#### Data supplied
++++++++

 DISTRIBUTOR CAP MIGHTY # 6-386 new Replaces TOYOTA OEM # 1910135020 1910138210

++++++++

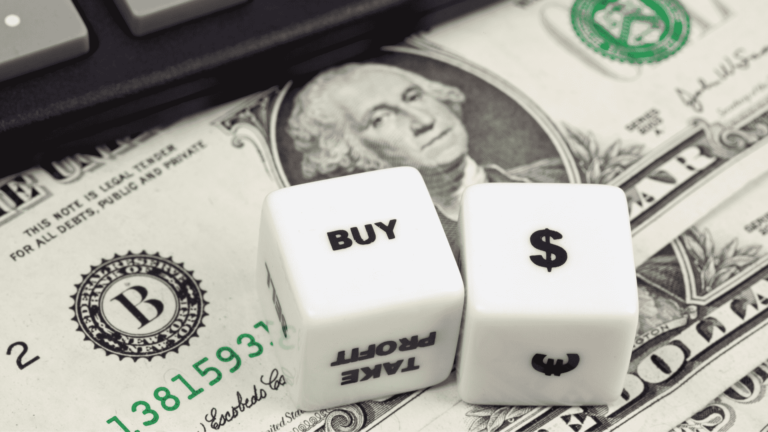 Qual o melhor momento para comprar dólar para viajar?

++++++++

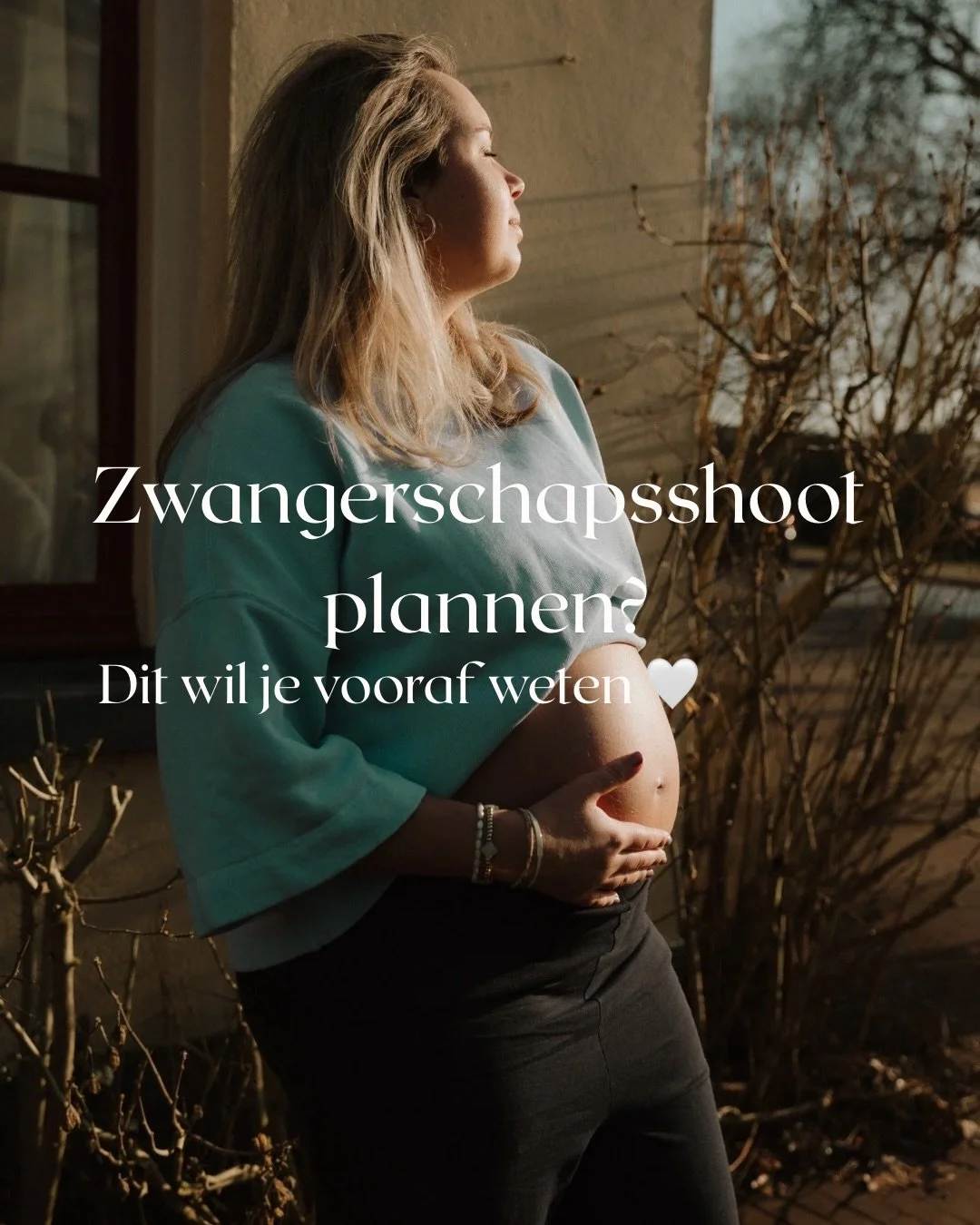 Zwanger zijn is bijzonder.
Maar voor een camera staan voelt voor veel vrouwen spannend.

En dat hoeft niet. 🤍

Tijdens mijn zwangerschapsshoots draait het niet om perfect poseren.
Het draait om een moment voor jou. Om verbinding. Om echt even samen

++++++++

#### Problem
Each line containing "voor" belongs in the answer; pick these out of the material and copy them.

#### Written answer
Maar voor een camera staan voelt voor veel vrouwen spannend.
Het draait om een moment voor jou. Om verbinding. Om echt even samen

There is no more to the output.